The Wiebbe Hayes Stone Fort on West Wallabi Island (also known as Wiebbe Hayes Island) is the oldest surviving European building in Australia, and was built in 1629 by survivors of the shipwreck and massacre. West Wallabi Island is 63 km from the coast of Western Australia.

==History==
Following the shipwreck of the Batavia in 1629, a group of the marooned soldiers under the command of Wiebbe Hayes were put ashore on East Wallabi Island to search for water. A group of mutineers, led by Jeronimus Cornelisz, took control of the other survivors and left Hayes' group there, secretly hoping that they would starve or die of thirst. However, the soldiers discovered that they were able to wade to West Wallabi Island, where there was a fresh water source. Furthermore, West and East Wallabi Island are the only islands in the group upon which the tammar wallaby lives. Thus the soldiers had access to sources of both food and water that were unavailable to the mutineers.

Later the mutineers mounted a series of attacks, which the soldiers repulsed.

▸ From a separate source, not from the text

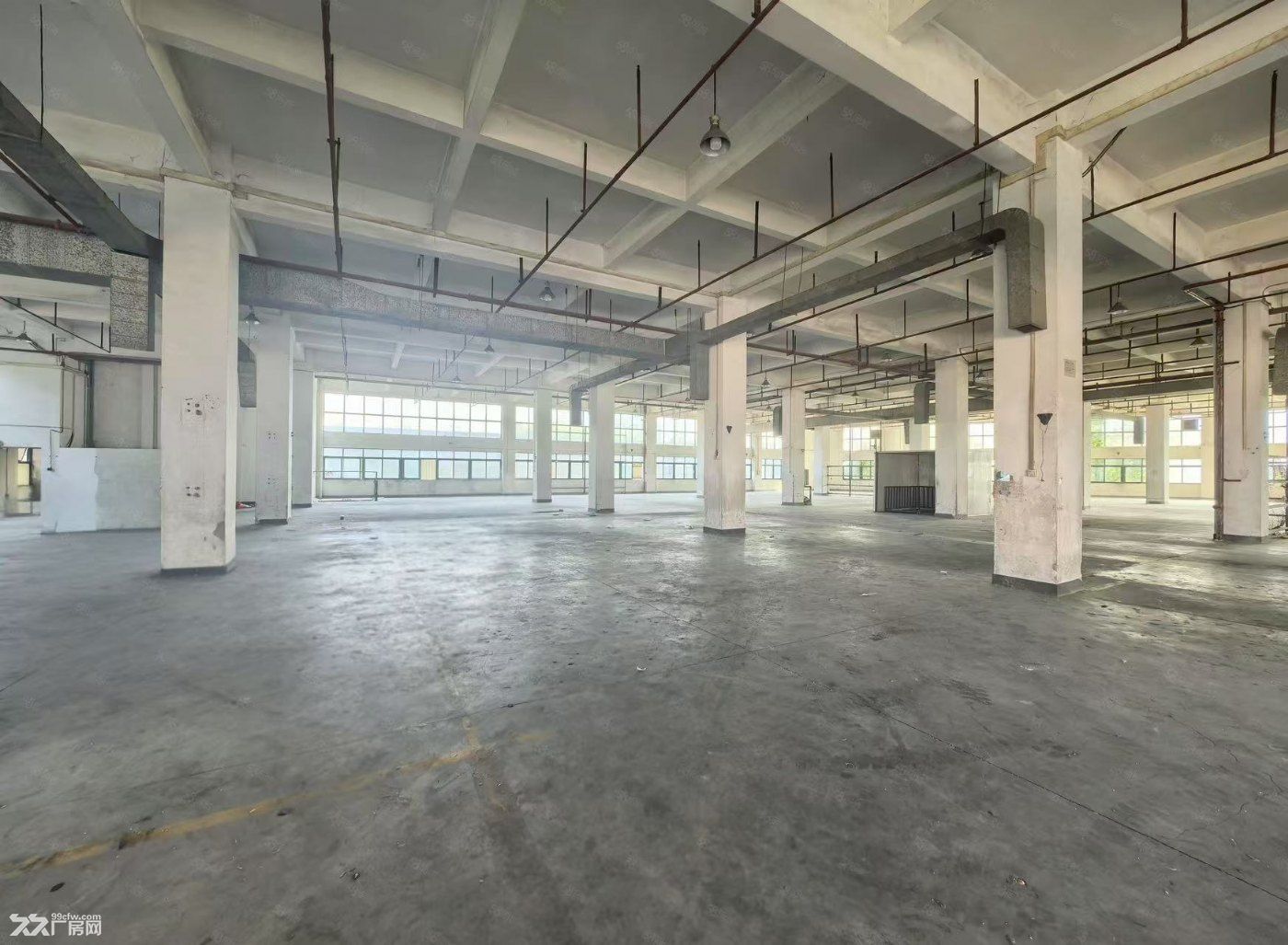 独门独院黄埔区南岗M2工业厂房出租 - 2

The remnants of improvised defensive walls and stone shelters built by Wiebbe Hayes and his men on West Wallabi Island are Australia's oldest known European structures, more than a century and a half before expeditions to the Australian continent by James Cook and Arthur Phillip. The remnants of the fort are:

nothing more than a tiny, sandstone-coloured rectangle in the scrub about 100 m from the sea. It is unimpressive and isolated and yet this simple structure, just some loose rocks piled up to make a simple fortress, is the first building Europeans constructed in Australia.